#### Action item:
The records below hold a stretch from the line with "Beautiful Horse Rope" through the line with "Kids jordan 13 brave blue navy sneaker tees"; return exactly those lines, ends included, and nothing more.
== Material to process ==
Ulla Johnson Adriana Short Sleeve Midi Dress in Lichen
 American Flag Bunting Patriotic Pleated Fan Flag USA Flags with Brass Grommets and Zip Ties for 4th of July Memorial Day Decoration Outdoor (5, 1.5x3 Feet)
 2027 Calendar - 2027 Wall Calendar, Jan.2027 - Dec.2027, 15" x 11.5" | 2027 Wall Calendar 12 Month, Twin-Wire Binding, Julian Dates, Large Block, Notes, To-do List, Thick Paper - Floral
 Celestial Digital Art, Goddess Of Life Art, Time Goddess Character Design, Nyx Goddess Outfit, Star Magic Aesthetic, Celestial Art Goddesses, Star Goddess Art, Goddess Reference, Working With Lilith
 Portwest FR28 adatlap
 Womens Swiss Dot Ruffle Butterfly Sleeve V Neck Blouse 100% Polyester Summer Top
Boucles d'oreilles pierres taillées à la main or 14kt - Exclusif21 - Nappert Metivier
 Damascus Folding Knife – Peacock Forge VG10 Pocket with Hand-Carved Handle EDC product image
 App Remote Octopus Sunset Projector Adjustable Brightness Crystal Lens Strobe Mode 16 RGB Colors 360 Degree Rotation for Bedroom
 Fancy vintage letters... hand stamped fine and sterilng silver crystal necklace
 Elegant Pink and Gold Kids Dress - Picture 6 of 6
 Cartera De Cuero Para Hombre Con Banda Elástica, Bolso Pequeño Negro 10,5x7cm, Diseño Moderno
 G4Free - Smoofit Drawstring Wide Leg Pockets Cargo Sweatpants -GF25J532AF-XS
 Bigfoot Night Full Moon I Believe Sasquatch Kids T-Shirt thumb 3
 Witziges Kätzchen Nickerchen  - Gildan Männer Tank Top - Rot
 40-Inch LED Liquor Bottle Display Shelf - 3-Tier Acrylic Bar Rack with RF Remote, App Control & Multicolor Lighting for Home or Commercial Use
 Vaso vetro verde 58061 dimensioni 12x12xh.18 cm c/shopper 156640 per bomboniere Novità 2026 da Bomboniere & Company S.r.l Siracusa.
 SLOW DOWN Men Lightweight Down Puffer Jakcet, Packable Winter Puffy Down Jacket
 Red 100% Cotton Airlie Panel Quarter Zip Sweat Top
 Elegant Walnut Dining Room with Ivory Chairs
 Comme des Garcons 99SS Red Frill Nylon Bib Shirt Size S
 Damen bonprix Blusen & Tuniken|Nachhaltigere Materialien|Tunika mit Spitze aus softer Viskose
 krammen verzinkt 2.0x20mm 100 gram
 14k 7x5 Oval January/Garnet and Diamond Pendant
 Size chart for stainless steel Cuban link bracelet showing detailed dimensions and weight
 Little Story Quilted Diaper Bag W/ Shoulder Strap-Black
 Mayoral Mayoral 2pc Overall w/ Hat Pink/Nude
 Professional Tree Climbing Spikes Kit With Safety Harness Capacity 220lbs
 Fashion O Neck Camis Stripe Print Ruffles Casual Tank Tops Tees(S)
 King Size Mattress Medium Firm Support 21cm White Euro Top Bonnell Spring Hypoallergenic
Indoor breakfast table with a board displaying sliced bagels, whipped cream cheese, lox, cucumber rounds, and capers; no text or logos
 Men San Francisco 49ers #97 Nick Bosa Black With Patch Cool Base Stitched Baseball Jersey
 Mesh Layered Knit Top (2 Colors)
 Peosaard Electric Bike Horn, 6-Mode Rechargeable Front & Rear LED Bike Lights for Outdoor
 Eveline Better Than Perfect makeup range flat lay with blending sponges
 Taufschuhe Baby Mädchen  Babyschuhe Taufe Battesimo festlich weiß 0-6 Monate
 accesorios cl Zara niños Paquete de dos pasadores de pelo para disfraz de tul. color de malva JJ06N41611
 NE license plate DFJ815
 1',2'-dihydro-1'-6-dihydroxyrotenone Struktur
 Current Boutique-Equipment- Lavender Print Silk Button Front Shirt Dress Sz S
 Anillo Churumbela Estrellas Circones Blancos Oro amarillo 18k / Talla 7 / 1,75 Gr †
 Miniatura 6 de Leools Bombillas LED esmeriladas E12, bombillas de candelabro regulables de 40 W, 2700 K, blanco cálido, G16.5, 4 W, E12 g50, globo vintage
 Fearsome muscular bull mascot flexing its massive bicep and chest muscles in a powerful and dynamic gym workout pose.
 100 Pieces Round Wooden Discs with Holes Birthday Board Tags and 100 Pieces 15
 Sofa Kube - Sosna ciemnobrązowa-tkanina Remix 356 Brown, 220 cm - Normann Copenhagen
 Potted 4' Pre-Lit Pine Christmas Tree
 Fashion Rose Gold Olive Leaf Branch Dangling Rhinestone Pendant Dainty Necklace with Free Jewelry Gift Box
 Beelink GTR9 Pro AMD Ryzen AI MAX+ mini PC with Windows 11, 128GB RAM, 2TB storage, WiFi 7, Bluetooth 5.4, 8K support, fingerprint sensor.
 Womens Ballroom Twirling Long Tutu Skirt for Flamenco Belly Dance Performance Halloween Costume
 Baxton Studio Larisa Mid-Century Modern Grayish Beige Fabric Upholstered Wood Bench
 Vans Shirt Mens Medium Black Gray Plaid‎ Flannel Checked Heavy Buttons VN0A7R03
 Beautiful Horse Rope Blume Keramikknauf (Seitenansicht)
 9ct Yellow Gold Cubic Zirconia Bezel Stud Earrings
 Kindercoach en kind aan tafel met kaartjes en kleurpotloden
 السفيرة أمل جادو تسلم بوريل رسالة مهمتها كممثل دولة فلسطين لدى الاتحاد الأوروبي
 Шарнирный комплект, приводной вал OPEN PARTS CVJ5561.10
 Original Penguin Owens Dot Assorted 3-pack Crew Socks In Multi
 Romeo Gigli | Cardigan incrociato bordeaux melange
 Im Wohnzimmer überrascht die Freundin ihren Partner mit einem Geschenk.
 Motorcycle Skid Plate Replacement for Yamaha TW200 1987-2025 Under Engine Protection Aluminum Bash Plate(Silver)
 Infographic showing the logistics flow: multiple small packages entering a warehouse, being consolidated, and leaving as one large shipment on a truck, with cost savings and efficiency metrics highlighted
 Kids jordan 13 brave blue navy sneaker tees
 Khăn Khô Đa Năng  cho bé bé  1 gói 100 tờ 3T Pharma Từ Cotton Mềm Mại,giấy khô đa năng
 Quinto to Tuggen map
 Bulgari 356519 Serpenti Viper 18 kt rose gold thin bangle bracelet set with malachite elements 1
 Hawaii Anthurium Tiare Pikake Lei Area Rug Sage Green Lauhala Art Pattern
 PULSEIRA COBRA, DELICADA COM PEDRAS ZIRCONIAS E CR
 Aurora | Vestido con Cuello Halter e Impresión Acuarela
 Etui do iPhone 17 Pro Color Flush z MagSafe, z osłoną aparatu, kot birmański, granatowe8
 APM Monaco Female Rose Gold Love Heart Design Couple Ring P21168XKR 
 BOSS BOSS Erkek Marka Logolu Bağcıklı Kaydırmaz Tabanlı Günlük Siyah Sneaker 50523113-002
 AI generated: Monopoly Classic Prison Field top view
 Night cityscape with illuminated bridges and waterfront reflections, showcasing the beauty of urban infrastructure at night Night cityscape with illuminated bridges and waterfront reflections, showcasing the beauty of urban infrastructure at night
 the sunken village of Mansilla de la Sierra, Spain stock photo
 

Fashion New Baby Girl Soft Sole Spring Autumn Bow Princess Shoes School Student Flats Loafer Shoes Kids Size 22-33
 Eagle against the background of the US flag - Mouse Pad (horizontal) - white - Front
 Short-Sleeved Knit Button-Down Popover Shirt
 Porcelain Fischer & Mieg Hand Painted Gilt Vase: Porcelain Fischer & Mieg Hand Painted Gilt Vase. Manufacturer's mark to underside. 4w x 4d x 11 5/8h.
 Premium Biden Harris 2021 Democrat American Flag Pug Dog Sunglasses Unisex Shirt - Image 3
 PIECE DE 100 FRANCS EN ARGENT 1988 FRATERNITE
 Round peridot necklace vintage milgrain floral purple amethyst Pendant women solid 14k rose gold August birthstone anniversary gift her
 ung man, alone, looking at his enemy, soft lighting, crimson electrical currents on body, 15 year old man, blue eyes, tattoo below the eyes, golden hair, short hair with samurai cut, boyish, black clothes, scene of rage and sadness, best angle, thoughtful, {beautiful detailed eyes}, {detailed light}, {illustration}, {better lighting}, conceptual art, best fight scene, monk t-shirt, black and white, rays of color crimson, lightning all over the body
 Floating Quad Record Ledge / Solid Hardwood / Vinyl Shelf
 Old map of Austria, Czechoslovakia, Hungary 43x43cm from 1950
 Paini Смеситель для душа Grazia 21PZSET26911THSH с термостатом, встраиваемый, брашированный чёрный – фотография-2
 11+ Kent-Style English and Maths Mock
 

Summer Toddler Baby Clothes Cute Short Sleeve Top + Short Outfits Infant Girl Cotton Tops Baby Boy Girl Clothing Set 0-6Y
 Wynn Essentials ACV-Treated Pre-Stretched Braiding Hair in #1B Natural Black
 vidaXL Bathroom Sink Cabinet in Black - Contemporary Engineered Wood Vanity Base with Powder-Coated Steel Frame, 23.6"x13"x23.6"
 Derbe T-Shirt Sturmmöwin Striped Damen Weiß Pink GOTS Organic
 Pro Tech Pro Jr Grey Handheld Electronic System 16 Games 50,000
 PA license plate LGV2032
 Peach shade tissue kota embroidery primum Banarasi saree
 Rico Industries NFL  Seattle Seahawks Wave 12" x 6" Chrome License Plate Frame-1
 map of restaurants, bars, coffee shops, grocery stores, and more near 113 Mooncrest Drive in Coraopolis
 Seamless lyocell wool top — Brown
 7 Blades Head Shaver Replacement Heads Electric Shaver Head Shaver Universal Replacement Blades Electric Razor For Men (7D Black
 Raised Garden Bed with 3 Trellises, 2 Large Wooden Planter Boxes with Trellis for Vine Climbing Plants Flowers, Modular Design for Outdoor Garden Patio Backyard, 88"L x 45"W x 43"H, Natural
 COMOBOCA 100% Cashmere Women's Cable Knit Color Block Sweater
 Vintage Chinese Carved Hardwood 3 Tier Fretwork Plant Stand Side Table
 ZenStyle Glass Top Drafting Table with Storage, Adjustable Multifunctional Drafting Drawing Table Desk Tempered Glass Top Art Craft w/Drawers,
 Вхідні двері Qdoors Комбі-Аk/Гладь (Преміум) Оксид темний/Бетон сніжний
===
#### The completed task:
 Beautiful Horse Rope Blume Keramikknauf (Seitenansicht)
 9ct Yellow Gold Cubic Zirconia Bezel Stud Earrings
 Kindercoach en kind aan tafel met kaartjes en kleurpotloden
 السفيرة أمل جادو تسلم بوريل رسالة مهمتها كممثل دولة فلسطين لدى الاتحاد الأوروبي
 Шарнирный комплект, приводной вал OPEN PARTS CVJ5561.10
 Original Penguin Owens Dot Assorted 3-pack Crew Socks In Multi
 Romeo Gigli | Cardigan incrociato bordeaux melange
 Im Wohnzimmer überrascht die Freundin ihren Partner mit einem Geschenk.
 Motorcycle Skid Plate Replacement for Yamaha TW200 1987-2025 Under Engine Protection Aluminum Bash Plate(Silver)
 Infographic showing the logistics flow: multiple small packages entering a warehouse, being consolidated, and leaving as one large shipment on a truck, with cost savings and efficiency metrics highlighted
 Kids jordan 13 brave blue navy sneaker tees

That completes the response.